The selling was broadbased, with each of the 10 major sectors in negative territory. The biggest laggards were the technology, basic materials, consumer cyclical, and energy stocks. In the technology space, industry heavyweights Apple (AAPL) and Google (GOOG) were modestly weaker, while shares of struggling smartphone maker Research in Motion (RIMM) fell sharply after the company released its latest quarterly results after yesterday’s market close. Meantime, weak showings from Herbalife (HLF) and Nu Skin Enterprises (NUS) weighed on the consumer noncyclical sector, where there were very few positive performers of note. Falling oil prices on the New York Mercantile Exchange restrained on the energy issues.

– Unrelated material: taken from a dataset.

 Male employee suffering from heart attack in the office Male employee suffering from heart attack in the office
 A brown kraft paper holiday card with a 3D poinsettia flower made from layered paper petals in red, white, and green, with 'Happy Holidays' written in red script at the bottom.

The primary catalyst behind today’s notable selloff was growing concerns that the two political parties in Washington will not reach an agreement to avoid the automatic tax increases and spending cuts from taking effect on January 2, 2013. Congress adjourning for the upcoming Christmas holiday will not help matters either, though House Speaker John Boehner noted that Congressional leaders could come back to work over the Christmas break if needed. Mr. Boehner, who dropped his alternative tax plan because of a lack of support among fellow Republicans, said today he remains willing to work with President Barack Obama to avoid the "fiscal cliff". Still, with 2012 nearing a conclusion, the chance of an accord being struck is growing bleaker by the minute, which may bode ill for equities in the final five trading sessions of 2012.

The skittishness among investors fearful of the nation possibly going over the proverbial “fiscal cliff” in January prompted some “flight to safety” today. Investors gobbled up both the precious metals and bonds in the latest session. Gold and silver were in demand, while the yield on the benchmark 10-year Treasury note, which moves in the opposite direction to the price, fell five basis points. The defensive-minded utilities also staged a notable rally off their lows as trading drew to a conclusion.

Meantime, the day’s economic news, which included reports on personal income and spending and durable goods orders, was semi-encouraging. Both durable goods orders and personal income rose in November, besting expectations. However, both readings did highlight the public’s growing concern about Washington’s inability to reach a budget agreement. What we can take away from the reports is that individuals are saving more and businesses are spending less. Neither scenario is ideal for economic growth, which is still moving forward at an uneven pace.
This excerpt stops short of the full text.